Exercise
What you return should match the listing exactly, minus its images.
BEGIN Data section
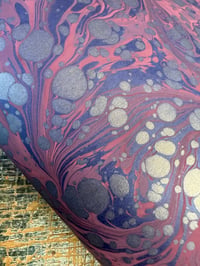 Image 2 of One of a kind hand marbled paper  - 'Sugar Plum'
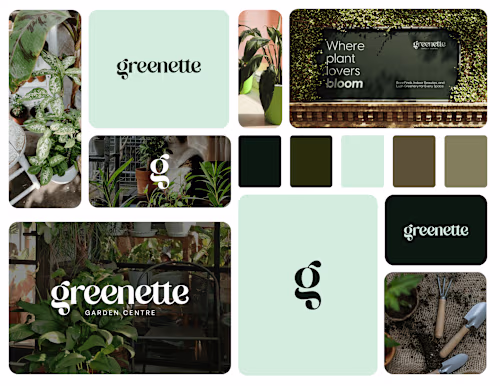 Greenette - Garden Centre Branding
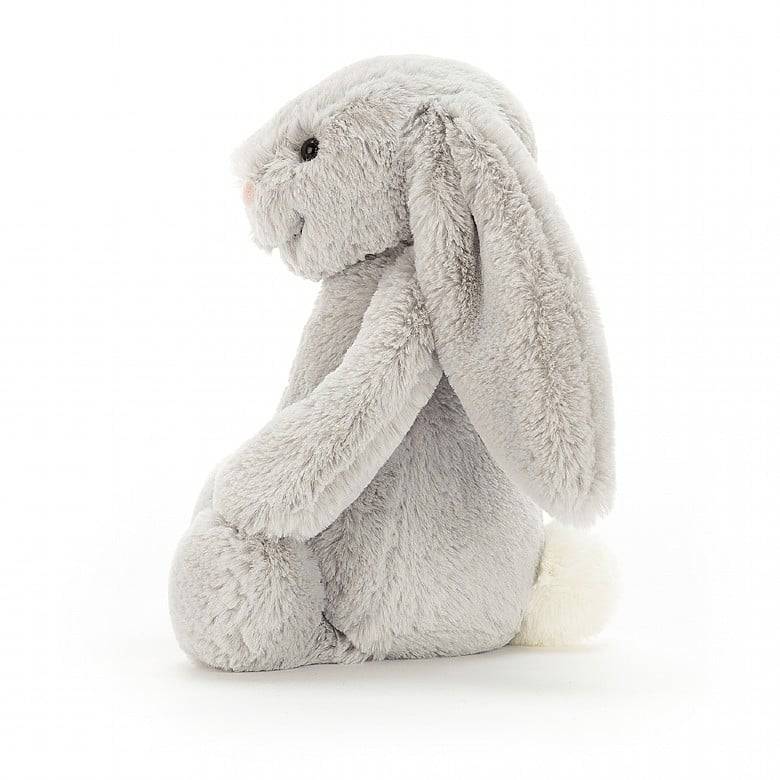 Bashful Silver Bunny - Jellycat - Bubbadue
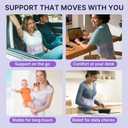 Fit Geno Back Brace for Lower Back Pain Women: Adjustable Lumbar Support Brace for Pain Relief - Breathable Waist Belt for Comfort - L/XL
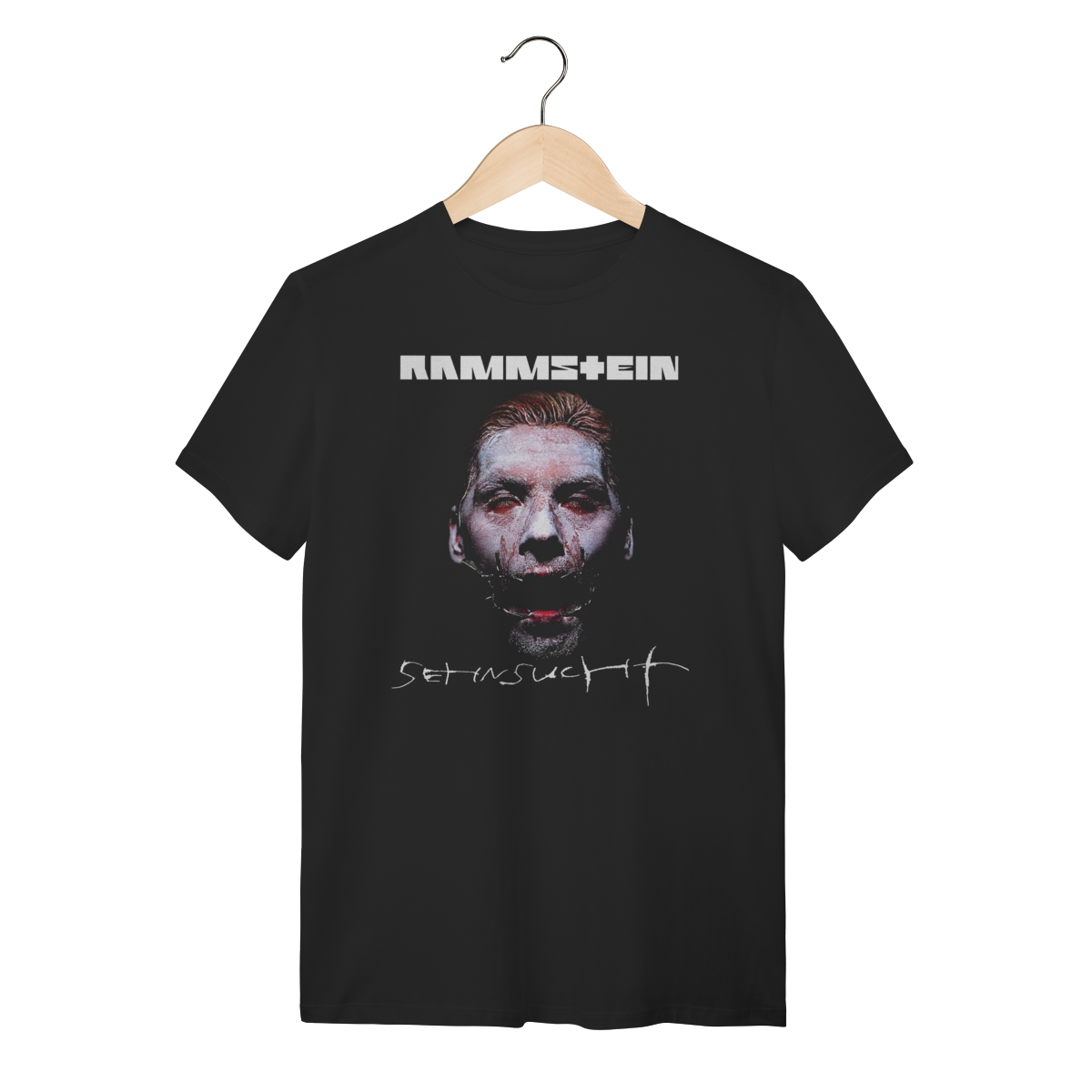 Camiseta Rammstein Sehnsucht - Industrial Metal 100% Algodão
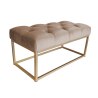 Ławka CHESTERFIELD tkanina Welur loft ławka metal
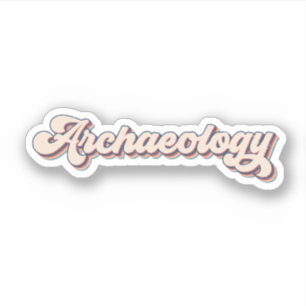 Pegatina Futuro Arqueólogo, Frase de Arqueología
END Data section
Completed exercise
 Image 2 of One of a kind hand marbled paper  - 'Sugar Plum'
 Greenette - Garden Centre Branding
 Bashful Silver Bunny - Jellycat - Bubbadue
 Fit Geno Back Brace for Lower Back Pain Women: Adjustable Lumbar Support Brace for Pain Relief - Breathable Waist Belt for Comfort - L/XL
 Camiseta Rammstein Sehnsucht - Industrial Metal 100% Algodão
 Ławka CHESTERFIELD tkanina Welur loft ławka metal
 Pegatina Futuro Arqueólogo, Frase de Arqueología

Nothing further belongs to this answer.